Na próxima terça-feira, dia 14 de julho de 2026, a Comissão de Trabalho da Câmara dos Deputados se reunirá para discutir o Projeto de Lei 3015/25, um tema que promete reverberar intensamente no cenário das relações trabalhistas do país. O encontro está agendado para as 10 horas no plenário 12 e é uma iniciativa da deputada Erika Kokay, do Partido dos Trabalhadores do Distrito Federal.

O cerne da proposta reside na revalidação da chamada ultratividade das normas coletivas de trabalho. Para os menos familiarizados, a ultratividade diz respeito ao princípio que garante que as cláusulas estabelecidas em convenções e acordos coletivos permanecem em vigor mesmo após o término de sua validade, até que um novo acordo seja firmado. Tal mecanismo busca prevenir a perda abrupta de direitos conquistados pelos trabalhadores e garantir uma continuidade nas relações laborais, evitando lacunas que poderiam vulnerabilizar os empregados.

Erika Kokay destaca a relevância desse projeto em tempos de incerteza, afirmando que a ultratividade é um instrumento vital para assegurar um equilíbrio nas relações de trabalho.

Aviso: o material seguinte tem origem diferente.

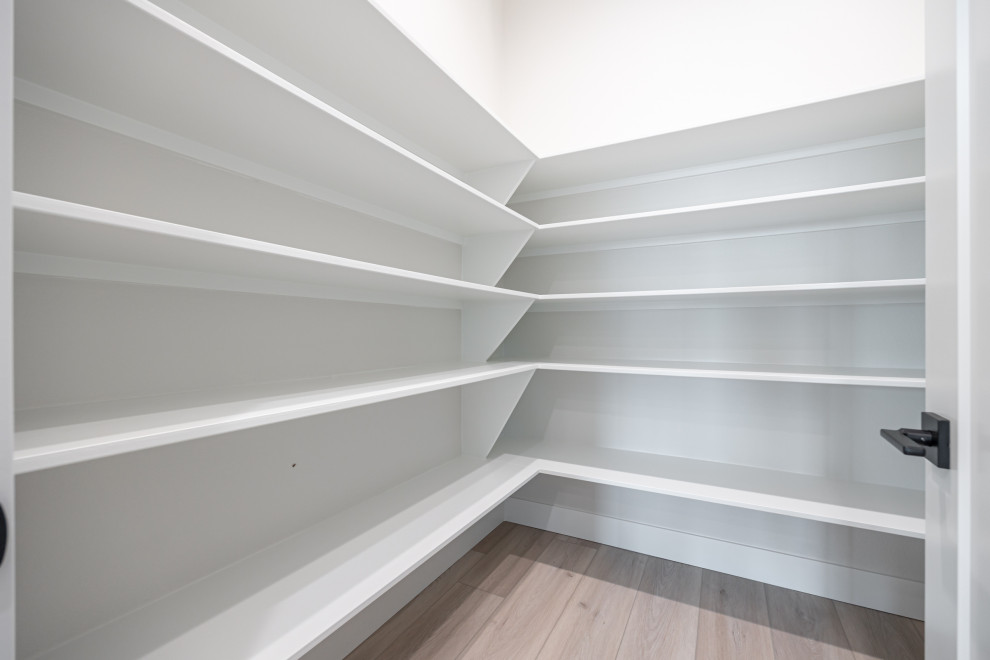 Example of a transitional home design design in Seattle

Segundo a deputada, a legislação atual, que limita a eficácia das normativas coletivas, pode gerar um ambiente de insegurança e instabilidade para os trabalhadores. Assim, a proposta não só assegura a validade das normas coletivas, mas também reforça a importância da negociação entre patrões e empregados.

O debate em torno da ultratividade não é apenas técnico, mas reflete uma busca por justiça social e a proteção dos direitos trabalhistas frente a cenários adversos. Com a multidão de mudanças no mercado de trabalho, o início dessa discussão na Câmara dos Deputados ocorre em um contexto onde os direitos dos trabalhadores estão sob constante vigilância e ameaças.

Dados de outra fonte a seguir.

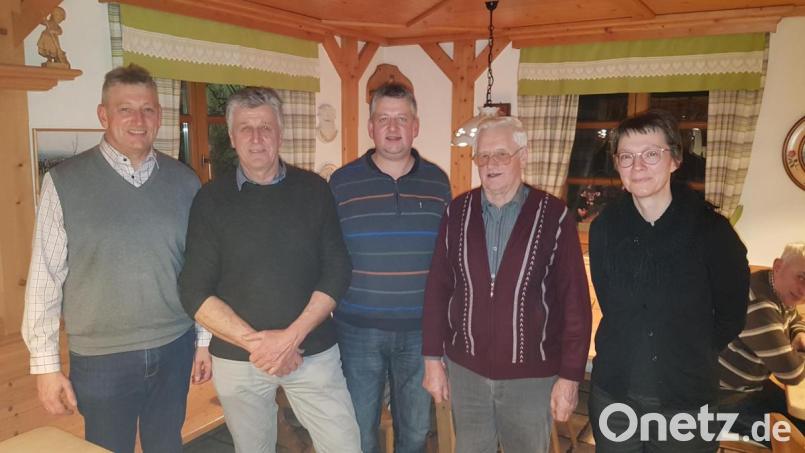 Neuwahlen gab es beim Kapellenverein Querenbach. Im Bild (von links) Stadtrat und Wahlleiter Markus Scharnagl, Vorsitzender Hermann Döllinger, Zweiter Vorsitzender Hubert Scharnagl, Kassier Arnold Scharnagl und Schriftführerin Sonja Hart-Böhm. Bild: Markus Scharnagl/exb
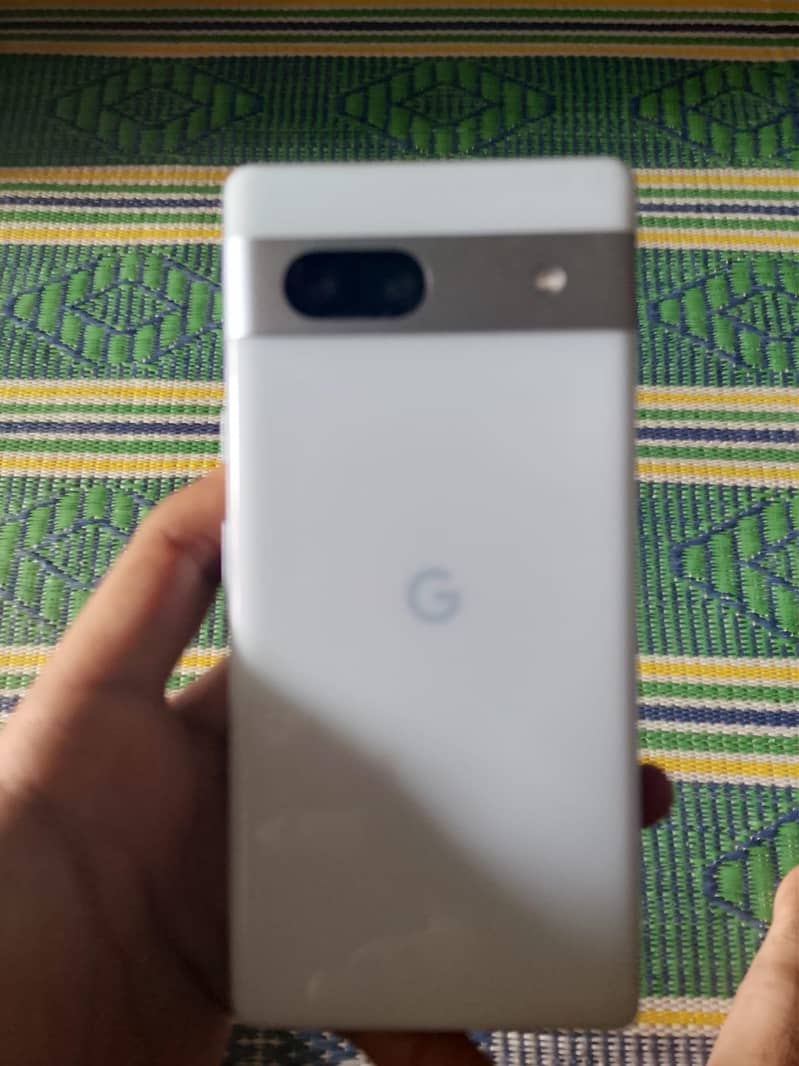 Google Pixel 7a 1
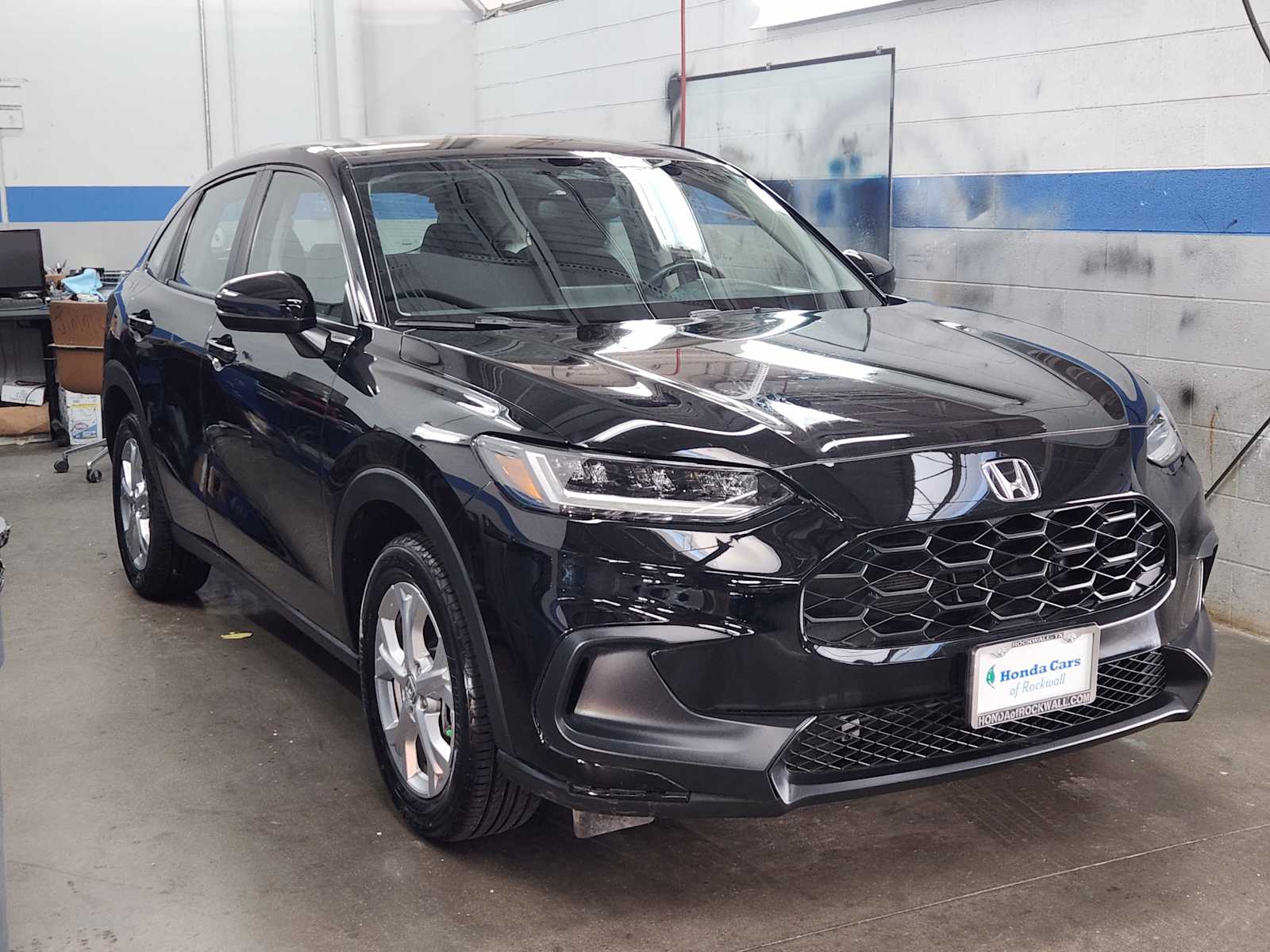 2024 Honda HR-V LX photo 3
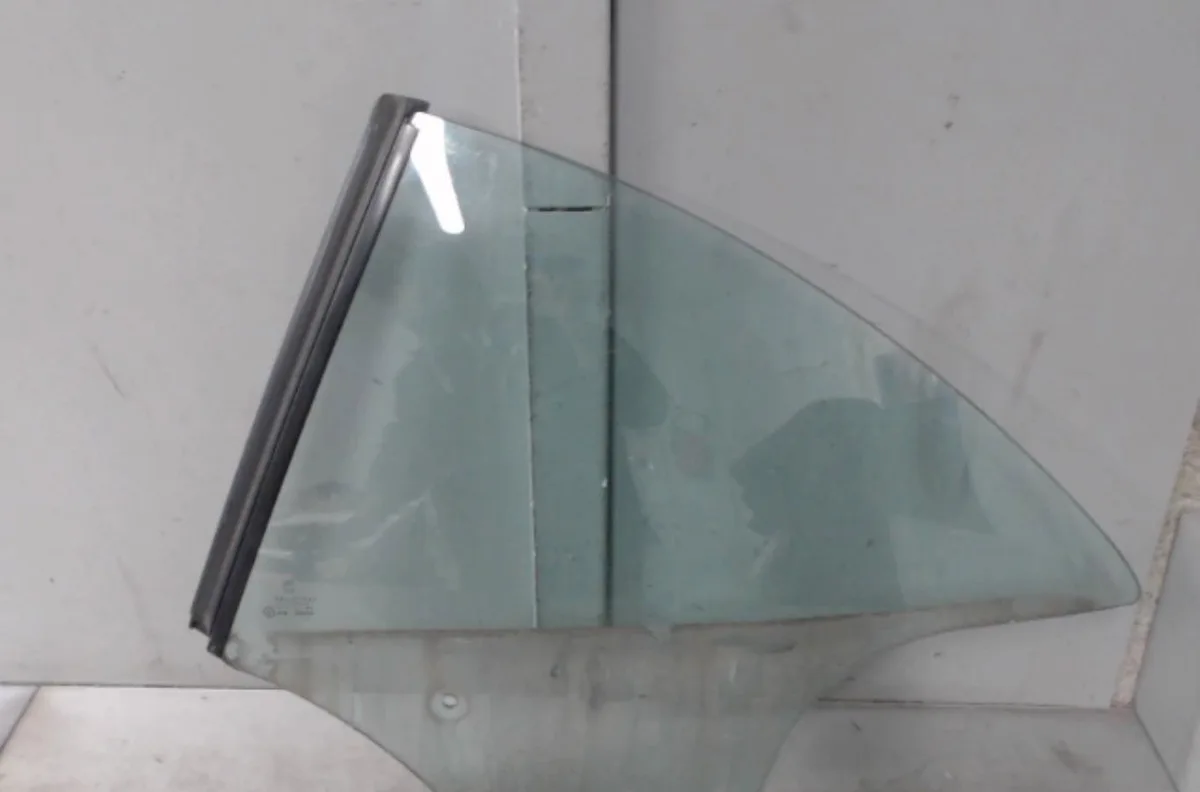 Glace porte ar g Peugeot 307 CC (3B) 1.6 16v (2003-2009) 2 portes occasion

Portanto, a expectativa é alta para o resultado dessa audiência, que poderá influenciar diretamente a dinâmica das negociações coletivas e, consequentemente, os direitos de milhões de trabalhadores em todo o Brasil. Determinar o futuro dessa ultratividade pode ser crucial em um cenário onde a defesa dos direitos trabalhistas se torna cada vez mais um desafio, mas também uma luta essencial para a construção de um mercado de trabalho mais justo e equilibrado.